CD69+ and HLA-DR+ activation antigens on peripheral blood lymphocyte populations in metastatic breast and ovarian cancer patients: correlations with survival following active specific immunotherapy.

作者信息

Yacyshyn M B, Poppema S, Berg A, MacLean G D, Reddish M A, Meikle A, Longenecker B M

机构信息

Department of Laboratory Medicine, University of Alberta, Edmonton, Canada.

出版信息

Int J Cancer. 1995 May 16;61(4):470-4. doi: 10.1002/ijc.2910610407.

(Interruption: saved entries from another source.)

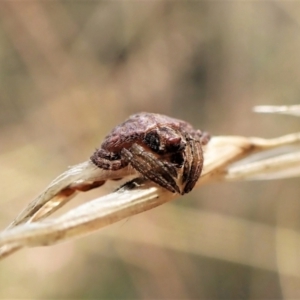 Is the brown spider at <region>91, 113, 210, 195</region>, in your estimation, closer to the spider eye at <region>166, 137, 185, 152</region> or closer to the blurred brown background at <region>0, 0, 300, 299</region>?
the spider eye at <region>166, 137, 185, 152</region>

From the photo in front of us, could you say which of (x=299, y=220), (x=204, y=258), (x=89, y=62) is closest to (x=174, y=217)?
(x=204, y=258)

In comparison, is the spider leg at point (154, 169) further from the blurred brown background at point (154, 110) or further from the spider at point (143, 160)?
the blurred brown background at point (154, 110)

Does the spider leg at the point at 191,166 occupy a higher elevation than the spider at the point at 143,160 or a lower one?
lower

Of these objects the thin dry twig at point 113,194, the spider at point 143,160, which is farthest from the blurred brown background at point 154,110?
the spider at point 143,160

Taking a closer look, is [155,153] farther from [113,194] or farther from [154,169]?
[113,194]

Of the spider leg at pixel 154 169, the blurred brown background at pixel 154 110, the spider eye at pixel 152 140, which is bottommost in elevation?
the blurred brown background at pixel 154 110

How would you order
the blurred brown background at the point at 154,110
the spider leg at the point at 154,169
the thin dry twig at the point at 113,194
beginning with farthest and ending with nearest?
the blurred brown background at the point at 154,110, the spider leg at the point at 154,169, the thin dry twig at the point at 113,194

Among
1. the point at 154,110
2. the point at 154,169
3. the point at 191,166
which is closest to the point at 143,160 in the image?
the point at 154,169

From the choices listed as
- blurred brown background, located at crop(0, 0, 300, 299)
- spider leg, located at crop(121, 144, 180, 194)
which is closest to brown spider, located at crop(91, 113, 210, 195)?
spider leg, located at crop(121, 144, 180, 194)

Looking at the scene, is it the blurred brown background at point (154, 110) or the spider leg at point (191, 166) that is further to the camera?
the blurred brown background at point (154, 110)

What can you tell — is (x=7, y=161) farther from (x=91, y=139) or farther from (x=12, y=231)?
(x=12, y=231) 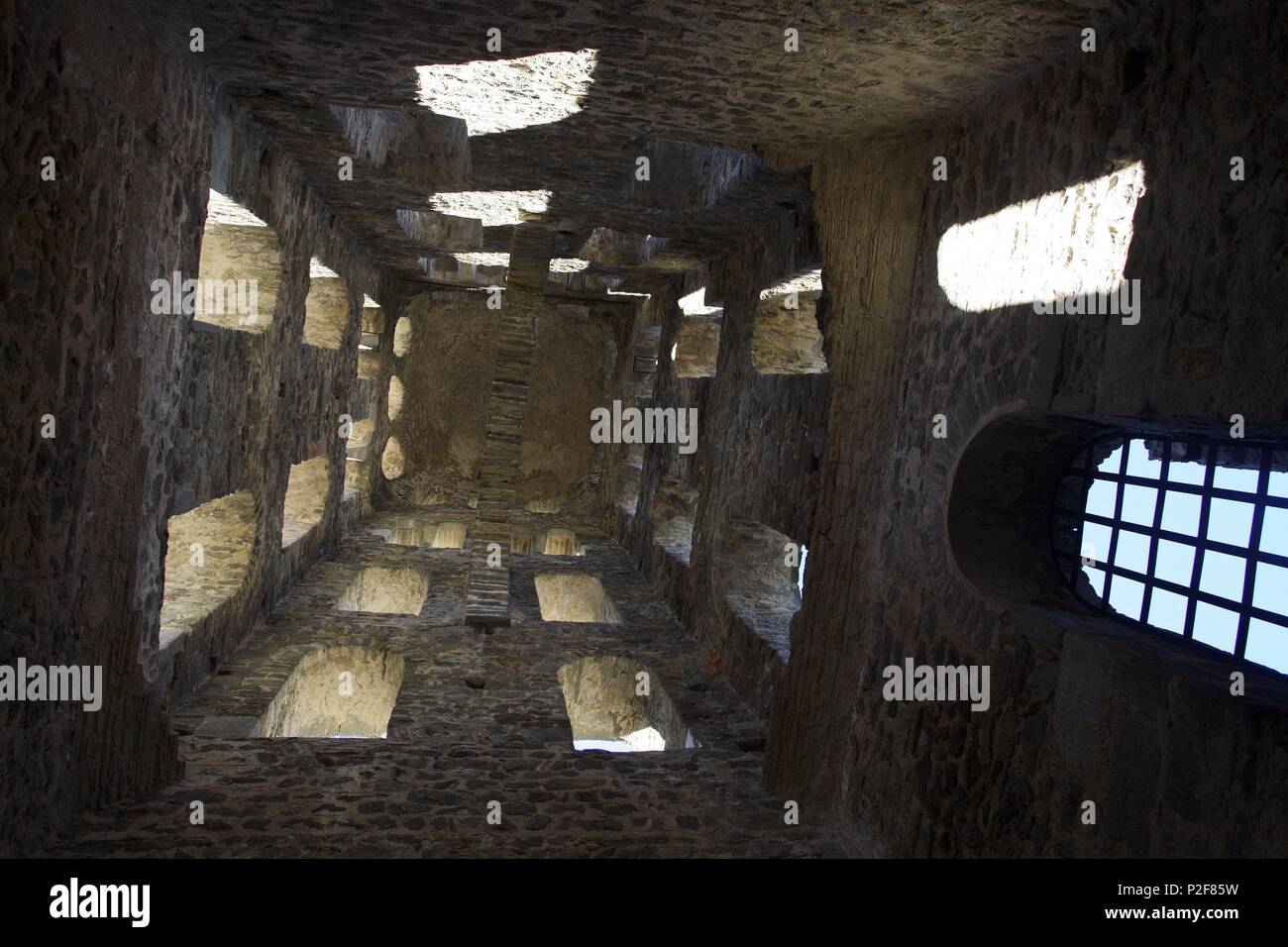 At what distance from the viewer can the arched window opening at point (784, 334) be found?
9.00 meters

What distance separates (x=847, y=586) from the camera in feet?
18.5

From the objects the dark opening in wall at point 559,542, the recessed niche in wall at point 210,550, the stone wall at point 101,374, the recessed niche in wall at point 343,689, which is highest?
the stone wall at point 101,374

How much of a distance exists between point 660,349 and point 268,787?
9.70 meters

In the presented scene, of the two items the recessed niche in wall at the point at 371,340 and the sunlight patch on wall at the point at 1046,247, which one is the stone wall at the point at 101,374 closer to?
the sunlight patch on wall at the point at 1046,247

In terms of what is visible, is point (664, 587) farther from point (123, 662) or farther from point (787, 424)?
point (123, 662)

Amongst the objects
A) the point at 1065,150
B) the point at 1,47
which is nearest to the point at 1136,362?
the point at 1065,150

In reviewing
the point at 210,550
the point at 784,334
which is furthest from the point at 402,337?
the point at 784,334

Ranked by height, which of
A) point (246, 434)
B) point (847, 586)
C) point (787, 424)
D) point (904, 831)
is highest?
point (787, 424)

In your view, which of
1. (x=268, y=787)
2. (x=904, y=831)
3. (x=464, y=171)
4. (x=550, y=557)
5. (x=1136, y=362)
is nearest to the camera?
(x=1136, y=362)

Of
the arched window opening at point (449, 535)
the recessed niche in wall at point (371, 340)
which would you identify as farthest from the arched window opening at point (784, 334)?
the arched window opening at point (449, 535)

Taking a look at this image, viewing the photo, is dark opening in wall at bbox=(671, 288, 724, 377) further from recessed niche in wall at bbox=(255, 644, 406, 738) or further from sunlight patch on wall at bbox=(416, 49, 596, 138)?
sunlight patch on wall at bbox=(416, 49, 596, 138)

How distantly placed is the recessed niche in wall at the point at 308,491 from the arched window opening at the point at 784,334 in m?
5.81

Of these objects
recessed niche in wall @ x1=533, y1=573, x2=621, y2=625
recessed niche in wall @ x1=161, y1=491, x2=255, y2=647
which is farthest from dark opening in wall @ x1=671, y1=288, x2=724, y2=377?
recessed niche in wall @ x1=161, y1=491, x2=255, y2=647

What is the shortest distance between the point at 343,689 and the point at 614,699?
272 centimetres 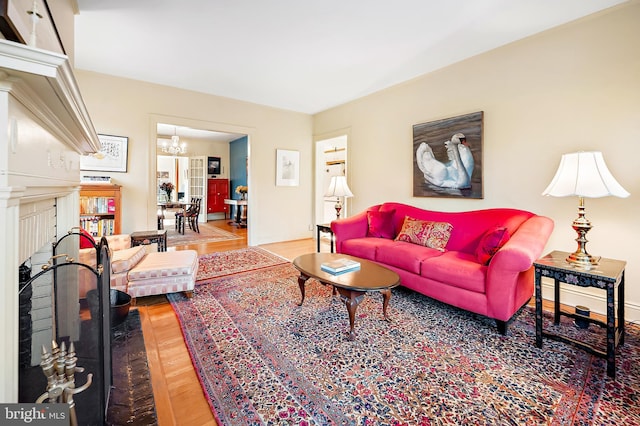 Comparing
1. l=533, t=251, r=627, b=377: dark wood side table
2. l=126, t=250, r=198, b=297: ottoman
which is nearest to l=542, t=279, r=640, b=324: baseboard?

DOI:10.1002/ijc.2910610407
PMID:7538976
Abstract

Lymphocyte activation markers CD69 and HLA-DR were studied in metastatic breast and ovarian cancer patients who received active specific immunotherapy (ASI) using cancer vaccines containing the synthetic tumor-associated antigen sialyl-Tn or the Thomsen-Friedenreich antigen conjugated to KLH plus DETOX adjuvant. Breast cancer patients who showed prolonged survival following ASI had lower numbers of total CD69+ and CD4+CD69+ cells prior to ASI compared to patients who died. However, following ASI, the surviving patients showed an increase in CD69+ and CD4+CD69+ cells and the deceased patients showed a decrease. A greater than 50% increase in the percentage of cells bearing the activation marker CD69 is associated with an increase in survival in both ovarian and breast cancer patients. In the surviving breast cancer patients there was a significant decrease in the percentage of non-B lymphocyte HLA-DR+ (CD20-HLA-DR+) cells following cyclophosphamide treatment. A strong positive correlation was found between lymphocyte populations CD20- HLA-DR+ and CD8+CD57+, a putative suppressor cell population. Breast cancer patients who showed a greater than median decrease in CD20-HLA-DR+ lymphocytes following cyclophosphamide treatment had a survival advantage over patients who had less than the median decrease in the percent CD20-HLA-DR+ lymphocytes.

摘要

在转移性乳腺癌和卵巢癌患者中研究了淋巴细胞活化标志物CD69和HLA - DR,这些患者接受了主动特异性免疫疗法(ASI),使用含有合成肿瘤相关抗原唾液酸 - Tn或与KLH加DETOX佐剂偶联的汤姆森 - 弗里德赖希抗原的癌症疫苗。与死亡患者相比,ASI后生存期延长的乳腺癌患者在ASI前总CD69 +和CD4 + CD69 +细胞数量较少。然而,ASI后,存活患者的CD69 +和CD4 + CD69 +细胞增加,而死亡患者则减少。活化标志物CD69阳性细胞百分比增加超过50%与卵巢癌和乳腺癌患者的生存期增加相关。在存活的乳腺癌患者中,环磷酰胺治疗后非B淋巴细胞HLA - DR +(CD20 - HLA - DR +)细胞百分比显著下降。在淋巴细胞群体CD20 - HLA - DR +和CD8 + CD57 +(一种假定的抑制细胞群体)之间发现了强正相关。环磷酰胺治疗后CD20 - HLA - DR +淋巴细胞减少大于中位数的乳腺癌患者比CD20 - HLA - DR +淋巴细胞百分比减少小于中位数的患者具有生存优势。